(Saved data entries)
---

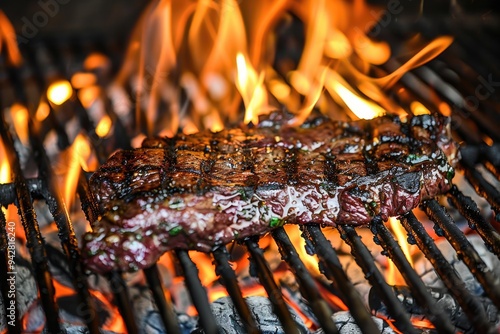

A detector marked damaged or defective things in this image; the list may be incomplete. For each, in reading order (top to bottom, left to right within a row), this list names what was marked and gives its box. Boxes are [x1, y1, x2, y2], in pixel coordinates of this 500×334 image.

rusty grate bar [0, 113, 63, 332]
rusty grate bar [144, 264, 181, 332]
rusty grate bar [176, 249, 219, 332]
rusty grate bar [212, 245, 260, 334]
rusty grate bar [246, 239, 300, 332]
rusty grate bar [272, 226, 338, 332]
rusty grate bar [300, 224, 378, 334]
rusty grate bar [336, 224, 418, 334]
rusty grate bar [372, 218, 458, 332]
rusty grate bar [398, 213, 496, 332]
rusty grate bar [424, 200, 500, 310]
rusty grate bar [448, 185, 500, 258]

---

### Assignment
Restate each line above exactly, keeping pictures out.

### Solved problem
A detector marked damaged or defective things in this image; the list may be incomplete. For each, in reading order (top to bottom, left to right within a row), this list names what was marked and gives its box. Boxes are [x1, y1, x2, y2], in pixel coordinates of this 500×334 image.

rusty grate bar [0, 113, 63, 332]
rusty grate bar [144, 264, 181, 332]
rusty grate bar [176, 249, 219, 332]
rusty grate bar [212, 245, 260, 334]
rusty grate bar [246, 239, 300, 332]
rusty grate bar [272, 226, 338, 332]
rusty grate bar [300, 224, 378, 334]
rusty grate bar [336, 224, 418, 334]
rusty grate bar [372, 218, 458, 332]
rusty grate bar [398, 213, 496, 332]
rusty grate bar [424, 200, 500, 310]
rusty grate bar [448, 185, 500, 258]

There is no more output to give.